An application for registration of the company:

The document must contain the proposed company name. [9] It should state the location, if company is to be private or public, limited by share or Guarantee. There are restrictions on the choice of name adopted by a company, it might not be registered under the control of the Secretary of states. [10] 

The application must also contain documents showing, the statement of proposed officers, which gives addresses of first director and secretary, if the company is limited by Guarantee, statement of share capital is required.

Statement of Compliance.

This form will be signed by a solicitor who is engaged in the formation of the company or a named director. It states the criterion relating to registration has been met. The registrar then issues a Certificate of Incorporation if it is satisfied with the documents sent in compliance with the Act. This certificate is like a birth certificate of the company, from that date it is able to utilize all the powers of a registered company.

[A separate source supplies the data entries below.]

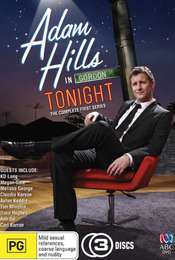 Adam Hills Tonight
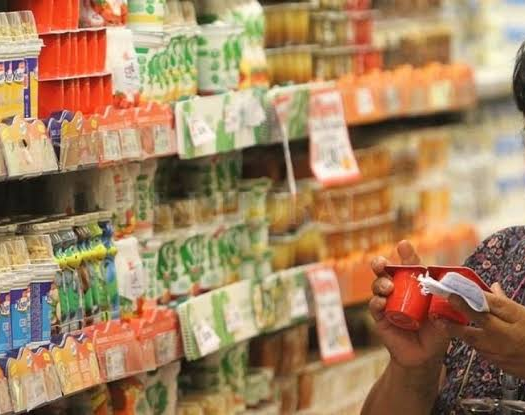 Los alimentos vuelven a subir y se verían reflejados en la inflación de septiembre 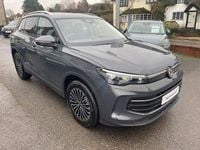 Second-hand VW Tiguan Match 204 CP (150 kW) 2025 Gri SUV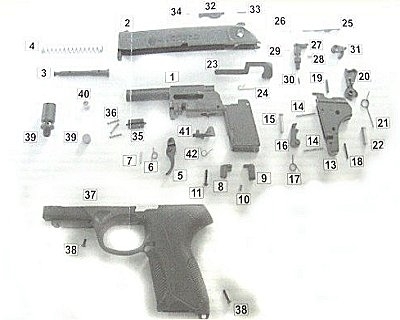 Ricambi Kit Bruni P4 a salve 8mm - 20_21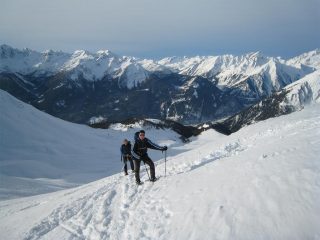 Durante la salita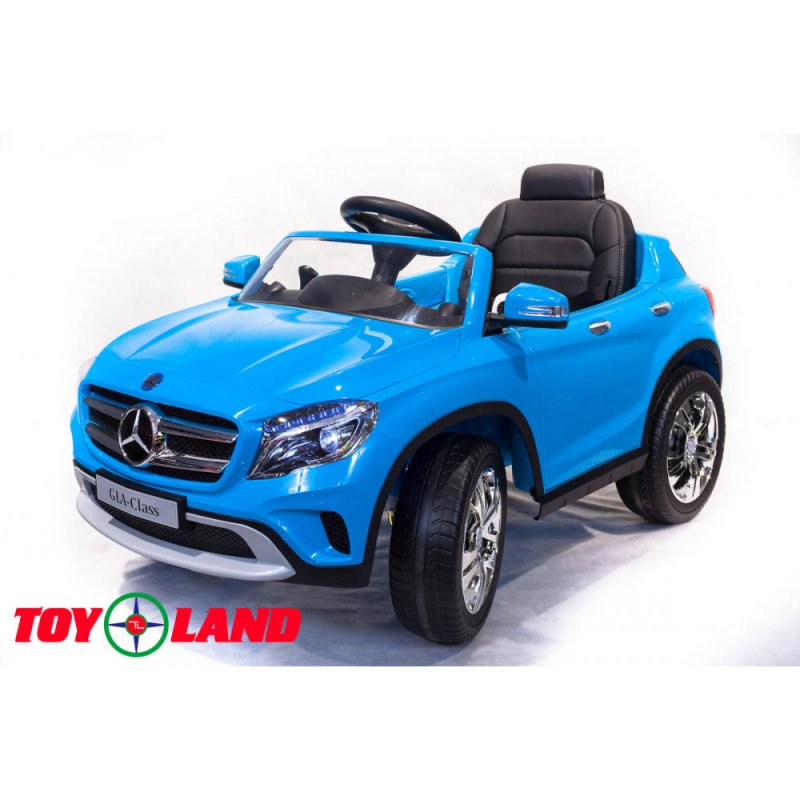 Детский электромобиль Mercedes-Benz GLA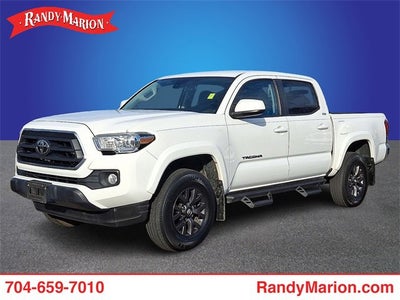 2020 Toyota Tacoma 2WD SR5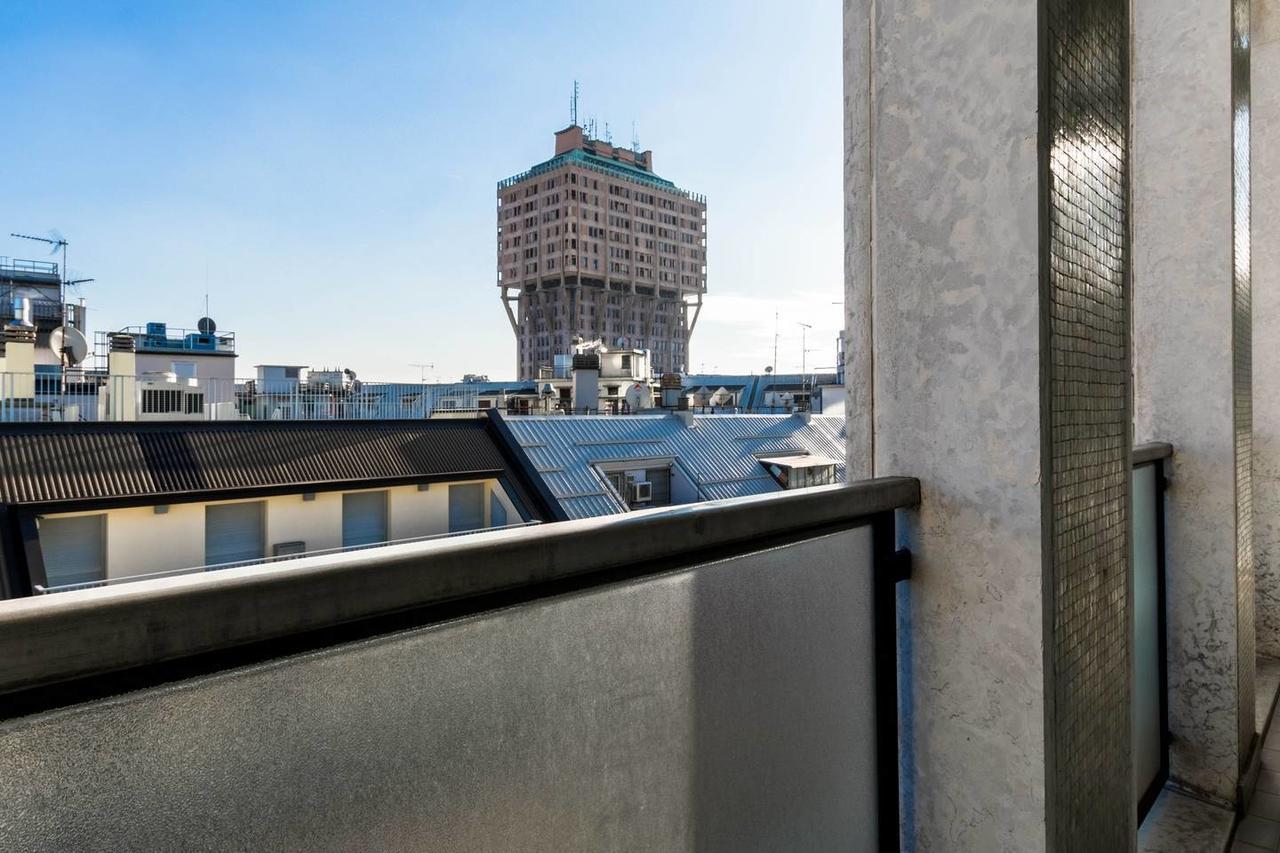 Hintown Duomo Via Baracchini Apartment Milan Luaran gambar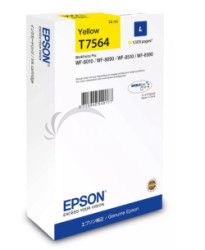 Epson Ink cartridge Yellow DURABrite Pro, size L C13T75644N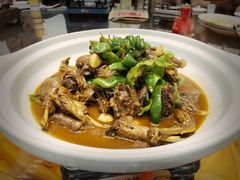 -野渡坡·极致湘菜·庭院餐厅(汉阳店)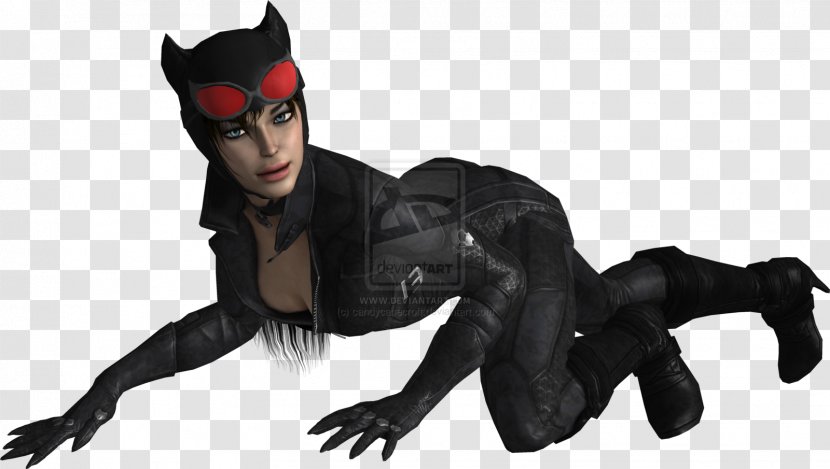 Batman: Arkham City Knight Catwoman The Sims 4 - Rendering Transparent PNG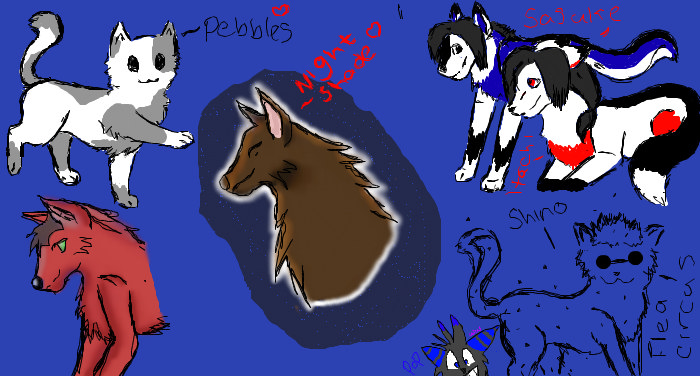 Dooles from Iscribble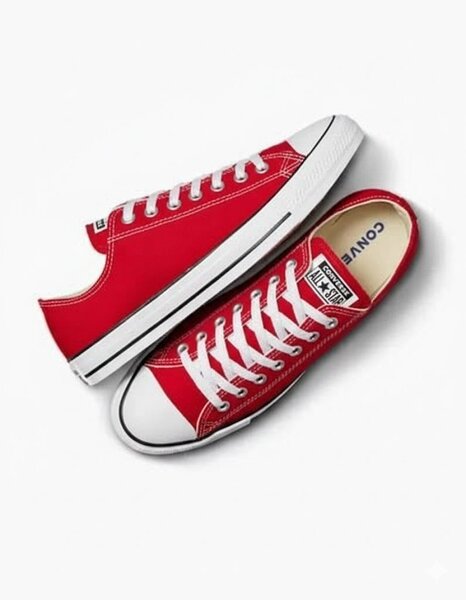 Baskets basses unisexes colorées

Moreover a public company cannot start borrowing until it is issued a Trading certificate. A form SH50 needs to be sent to the Registrar, who will issue this with verification of a minimum allotted share capital owned by the company.

However, Edward needs to know that it is a criminal offence, [11] to commence trade for more than a year as a public company, without a trading certificate, he will be liable as a director to indemnify the third party.

In general a Private Company Limited by Guarantee is the most suitable to set up as personal liability is to be avoided and separate personality is to be gained.